Avis clients (5/5 sur TripAdvisor) : « Très authentique. J’ai même vu un ministre de loin ! Il avait l’air aussi fatigué que sur les photos. » – Jean-Michel, 65 ans, retraité de la SNCF. « Le clou : le bouton rouge de la salle de crise. Le guide nous a dit de ne surtout pas appuyer dessus. (Spoiler : il ne fait rien.) » – Marine, 28 ans, consultante.
5. Chef de projet « Anticipation des Imprévus » (CPAI)
Salaire : 4 000 € – 6 000 €/mois | Statut : Cadre | Formation : École d’ingénieurs + spécialisation en Gestion des Risques
Missions :
- Créer des scénarios de crise fictifs pour s’entraîner (« Et si une pénurie de café touchait Paris ? »).
- Organiser des simulations avec des ministres (« On joue une grève des éboueurs, vous avez 2h pour trouver une solution. »).
- Mettre à jour la « Bible des Crises » (un classeur Excel de 500 pages listant tous les risques possibles).
Compétences requises :
- ✅ Imagination sans limites (« Une crise, c’est comme un scénario de film : il faut que ce soit crédible, mais pas trop. »).
- ✅ Maîtrise des outils de modélisation (Excel, PowerPoint, et le post-it).
- ✅ Capacité à travailler sous pression (les ministres n’aiment pas attendre).
Témoignage : « Mon projet le plus fou ? Une simulation de pénurie de baguettes. Résultat : le gouvernement a prépositionné des stocks de pain de mie. On est prêts. » – Antoine, 36 ans, ex-ingénieur chez Airbus.
Perspectives :
- Évolution vers Directeur de la Cellule de Crise sur les Crises Futures (DCCCF).
- Prime d’innovation : +10 % si la crise anticipée se réalise (très rare).
Chiffres clés du secteur
| Métier | Nombre de postes (2026) | Croissance prévue (2027) | Salaire moyen |
|---|---|---|---|
| Coordinateur d’urgence latente | 1 200 | +30% | 4 500 € |
| Consultant en résilience narrative | 800 (freelance) | +50% | 6 000 € |
| Agent de sécurité des salles | 500 | +20% | 2 500 € |
| Guide touristique des crises | 200 | +200% | 3 000 € |
| Chef de projet « Imprévus » | 300 | +40% | 5 000 € |
Source : Pôle Emploi Crise, août 2026.
Pourquoi ces métiers ont de l’avenir ?
- Un secteur en expansion : « Tant qu’il y aura des crises, il y aura des emplois », résume un économiste.
- Des salaires attractifs : « On gagne mieux qu’en start-up, et on a moins de risques de se faire licencier. »
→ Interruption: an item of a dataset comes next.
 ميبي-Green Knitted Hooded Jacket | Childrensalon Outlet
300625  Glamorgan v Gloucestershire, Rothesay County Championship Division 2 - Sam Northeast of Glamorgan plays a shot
- Une stabilité rare : « Ici, la seule chose qui change, c’est le nom de la crise. »
- Un sens du service public : « On a l’impression d’être utile. Enfin… plus ou moins. »
Comment se former ?
Plusieurs formations certifiantes ont vu le jour :
- L’ENACrise (École Nationale d’Administration des Crises) : « La grande école des métiers de l’urgence. »
- Le Certificat de Compétence en Gestion de Cellule (CCGC) : « 3 mois pour devenir un pro. »
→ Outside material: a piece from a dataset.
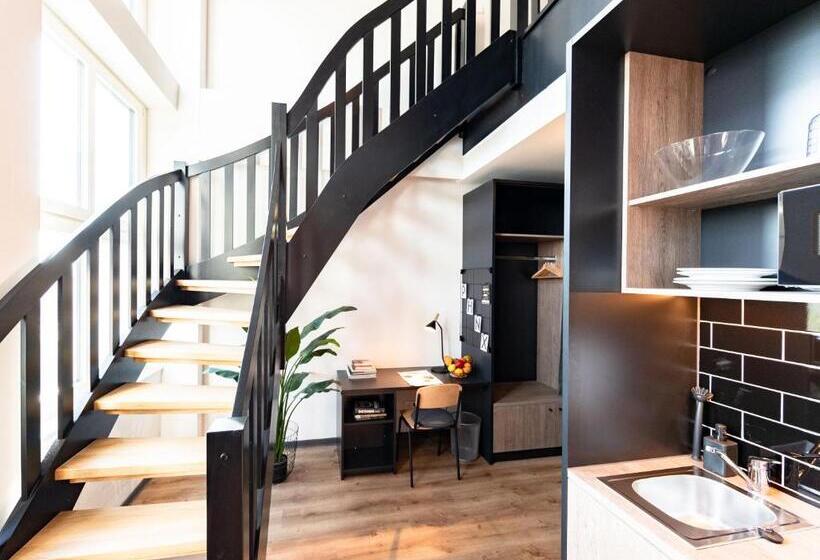 آپارتمان دوبلکس 1 خوابه, Phnx Aparthotel Hamburg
- Le MOOC « Crise 101 » (gratuit, sur FUN-MOOC) : « Apprenez à animer une réunion de crise depuis votre canapé. »
Prochaine session : « Les inscriptions pour la rentrée 2027 ouvrent en septembre. Dépêchez-vous, les places sont limitées ! »
Et demain ?
Avec l’essor de ces métiers, la France pourrait bien devenir le leader mondial de l’économie de la crise. « On exporte déjà notre modèle à l’étranger. Le Québec et la Belgique sont très intéressés », confirme un responsable du Ministère de la Coordination des Crises (MCC).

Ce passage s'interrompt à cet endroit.